[09:12:47] <elukey>	 hey folks, I repooled the k8s pods for kartotherian
[09:13:10] <elukey>	 It turns out it was my fault, I forgot to add the LVS ip's loopback interface to the k8s workers
[09:13:35] <elukey>	 so when they were pooled, no traffic went to them due to the misconfig (but health check worked fine)
[09:14:07] <elukey>	 this is almost surely the root cause of the maps outage of Monday
[09:14:30] <elukey>	 the poor bare metal maps nodes were left in a reduced capacity handling traffic, and they didn't like it
[09:15:03] <elukey>	 (they may have started to fail more gracefully buuuuut it doesn't remove the blame from me :D)
[09:15:42] <elukey>	 I am going to leave things as they are now (both bare metals and k8s pods) for a couple of hours, and hopefully later on I'll remove some bare metals again from lvs
[09:16:01] <elukey>	 Last but not least I'll do the incident report
[09:19:59] <kamila_>	 elukey: excellent job with the blameless postmortem ;-)
[09:20:14] <kamila_>	 thank you! <3 
[09:20:18] <fabfur>	 only one can blame here 
[09:20:20] <fabfur>	 git
[09:20:45] <kamila_>	 ^^^
[09:22:11] <elukey>	 kamila_: ahahha I was the only one involved in breaking and fixing, I just took responsibility :D
[09:22:50] <kamila_>	 good point, we need some more stickers :-D
[09:24:23] <elukey>	 jokes aside, the way I see the blameless port-mortem is that we can discuss what broke with precise details without feeling horrible about it, since nobody will point the finger to make you feel bad. Also I like when it is clear that an error was understood and follow ups taken :)

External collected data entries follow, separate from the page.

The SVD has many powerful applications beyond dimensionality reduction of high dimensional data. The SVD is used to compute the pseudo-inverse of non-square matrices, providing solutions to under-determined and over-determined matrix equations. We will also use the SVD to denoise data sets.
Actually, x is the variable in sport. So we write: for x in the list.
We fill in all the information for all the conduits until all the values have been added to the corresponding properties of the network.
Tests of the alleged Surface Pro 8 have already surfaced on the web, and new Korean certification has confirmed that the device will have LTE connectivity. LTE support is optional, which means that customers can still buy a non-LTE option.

[09:24:58] <moritzm>	 the root cause is that maps has no owner, everything else is just a ripple effect
[09:26:18] <kamila_>	 yep to both
[09:41:48] <Emperor>	 could/should we have tooling to help avoid that sort of mistake?

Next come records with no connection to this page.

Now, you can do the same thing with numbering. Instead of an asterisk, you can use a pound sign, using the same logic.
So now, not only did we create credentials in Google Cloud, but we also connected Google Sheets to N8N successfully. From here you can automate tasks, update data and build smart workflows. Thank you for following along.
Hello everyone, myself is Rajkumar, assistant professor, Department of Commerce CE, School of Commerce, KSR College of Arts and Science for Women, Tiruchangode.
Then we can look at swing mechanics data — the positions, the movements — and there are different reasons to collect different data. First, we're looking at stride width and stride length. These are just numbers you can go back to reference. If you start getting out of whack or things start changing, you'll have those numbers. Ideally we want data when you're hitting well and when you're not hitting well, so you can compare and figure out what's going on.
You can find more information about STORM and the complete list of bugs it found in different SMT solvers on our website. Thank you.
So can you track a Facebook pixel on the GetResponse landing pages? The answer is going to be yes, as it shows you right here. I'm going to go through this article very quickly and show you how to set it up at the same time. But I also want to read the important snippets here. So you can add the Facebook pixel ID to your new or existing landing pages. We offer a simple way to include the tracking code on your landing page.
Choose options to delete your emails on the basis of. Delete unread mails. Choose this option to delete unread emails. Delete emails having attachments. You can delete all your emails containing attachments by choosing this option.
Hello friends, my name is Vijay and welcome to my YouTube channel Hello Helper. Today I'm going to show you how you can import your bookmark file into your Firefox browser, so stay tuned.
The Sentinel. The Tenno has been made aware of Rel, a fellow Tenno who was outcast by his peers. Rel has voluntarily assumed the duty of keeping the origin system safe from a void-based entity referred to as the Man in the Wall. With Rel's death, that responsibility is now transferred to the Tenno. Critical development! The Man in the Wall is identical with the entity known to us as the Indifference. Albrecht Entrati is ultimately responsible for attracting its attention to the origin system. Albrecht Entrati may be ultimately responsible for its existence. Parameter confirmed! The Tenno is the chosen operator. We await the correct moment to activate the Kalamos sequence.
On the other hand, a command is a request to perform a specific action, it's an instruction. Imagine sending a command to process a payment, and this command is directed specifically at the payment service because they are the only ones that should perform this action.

[09:42:16] <Emperor>	 (I mean the "forgot to add LVS ip to loopback" mistake, not the "run unowned systems in prod" mistake)
[09:42:50] <Emperor>	 ...because calling management "tooling" is probably going to get me fired :D
[09:54:52] <elukey>	 Emperor: it is a difficult use case since I didn't follow the procedure that stated the step exactly, because I was doing something more "custom" and I thought I recalled all the steps. So surely follow docs is one :D We had the network probe from prometheus that intermittently failed, not as much as to trigger a real notification but I noticed it while debugging
[09:55:19] <elukey>	 hopefully we'll not need any mixed/weird/custom setup in the future
[09:55:33] <elukey>	 and the prometheus check for standard use cases is really clear
[09:58:48] <Emperor>	 👍
[10:19:28] <hnowlan>	 elukey: if it's any consolation, I did the *exact* same mistake when migrating thumbor pods with the same method 
[10:23:22] <elukey>	 hnowlan: ahahhaha niceee
[10:24:09] <elukey>	 hopefully this is the last service that needs this procedure
[10:37:07] <_joe_>	 I think so, at least until we start moving stuff to aux
[10:37:16] <_joe_>	 but that's stuff that's less critical 
[10:37:40] <_joe_>	 btw, I do think people tend to give the wrong interpretation of "blameless" in blameless postmortems
[10:39:10] <_joe_>	 it doesn't mean we don't identify which action(s) by whom caused the outage, but rather we don't use the people involved as scapegoats, as elukey said
[10:40:32] <elukey>	 +1 yes
[10:43:11] <elukey>	 on-callers - I am going to attempt another time to remove some bare metal capacity from kartotherian codfw
[10:43:18] <elukey>	 I'll do it VERY slowly :D
[10:43:25] <elukey>	 started with one node
[10:43:38] <kamila_>	 🚢
[10:47:20] <godog>	 I'm getting consistent CI failures with git failing e.g. https://integration.wikimedia.org/ci/job/alerts-pipeline-test/2324/console  on  https://gerrit.wikimedia.org/r/c/operations/alerts/+/1120923  have you seen the same too ?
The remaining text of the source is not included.